- Task directions
Your task is to copy the listing exactly, with the pictures left out.

- Raw data
*** Block opens ***

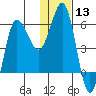 Tide chart for Seal Cape, Coal Bay, Alaska on 2024/01/13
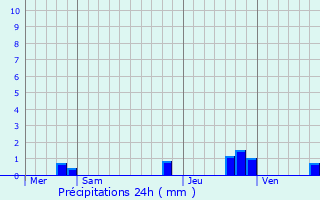 Graphique des précipitations prvues pour Brakel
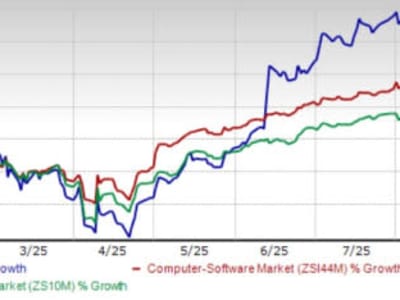 Oracle Melaju Pesat di Cloud dengan Ekspansi Infrastruktur dan AI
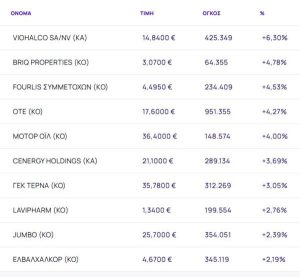 Χρηματιστήριο: Τρίτο πτωτικό σερί (-0,64%), με βαριές τραπεζικές απώλειες 3,32% και ράλι Viohalco 6,3%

*** Block closes ***

- Final answer
 Tide chart for Seal Cape, Coal Bay, Alaska on 2024/01/13
 Graphique des précipitations prvues pour Brakel
 Oracle Melaju Pesat di Cloud dengan Ekspansi Infrastruktur dan AI
 Χρηματιστήριο: Τρίτο πτωτικό σερί (-0,64%), με βαριές τραπεζικές απώλειες 3,32% και ράλι Viohalco 6,3%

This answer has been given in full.